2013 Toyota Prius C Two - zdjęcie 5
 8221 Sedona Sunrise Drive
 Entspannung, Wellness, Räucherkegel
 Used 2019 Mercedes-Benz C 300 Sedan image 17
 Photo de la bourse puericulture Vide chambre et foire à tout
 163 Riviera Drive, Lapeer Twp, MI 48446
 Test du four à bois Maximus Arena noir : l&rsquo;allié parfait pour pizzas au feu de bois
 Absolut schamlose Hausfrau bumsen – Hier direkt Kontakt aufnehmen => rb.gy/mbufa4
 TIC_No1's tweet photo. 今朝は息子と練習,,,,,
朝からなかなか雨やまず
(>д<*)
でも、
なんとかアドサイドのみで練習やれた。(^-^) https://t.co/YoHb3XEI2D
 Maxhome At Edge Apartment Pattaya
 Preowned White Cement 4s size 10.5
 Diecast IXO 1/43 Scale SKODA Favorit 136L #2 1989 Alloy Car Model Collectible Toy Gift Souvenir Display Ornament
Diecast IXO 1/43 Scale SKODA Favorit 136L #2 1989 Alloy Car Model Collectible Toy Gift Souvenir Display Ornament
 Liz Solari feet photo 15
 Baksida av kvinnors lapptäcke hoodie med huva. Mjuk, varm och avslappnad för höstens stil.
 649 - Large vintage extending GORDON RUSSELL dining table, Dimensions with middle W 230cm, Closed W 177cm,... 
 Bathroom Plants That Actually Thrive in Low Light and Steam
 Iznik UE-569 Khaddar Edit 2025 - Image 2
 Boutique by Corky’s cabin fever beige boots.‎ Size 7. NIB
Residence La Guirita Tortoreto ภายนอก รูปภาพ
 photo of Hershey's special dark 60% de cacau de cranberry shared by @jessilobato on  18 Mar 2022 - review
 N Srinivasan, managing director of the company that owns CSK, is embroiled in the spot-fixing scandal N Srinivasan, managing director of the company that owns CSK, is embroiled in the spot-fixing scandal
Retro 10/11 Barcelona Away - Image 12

** Problem to work on **
Search the data and copy each line containing "Model".

** Exercise response **
 Diecast IXO 1/43 Scale SKODA Favorit 136L #2 1989 Alloy Car Model Collectible Toy Gift Souvenir Display Ornament
Diecast IXO 1/43 Scale SKODA Favorit 136L #2 1989 Alloy Car Model Collectible Toy Gift Souvenir Display Ornament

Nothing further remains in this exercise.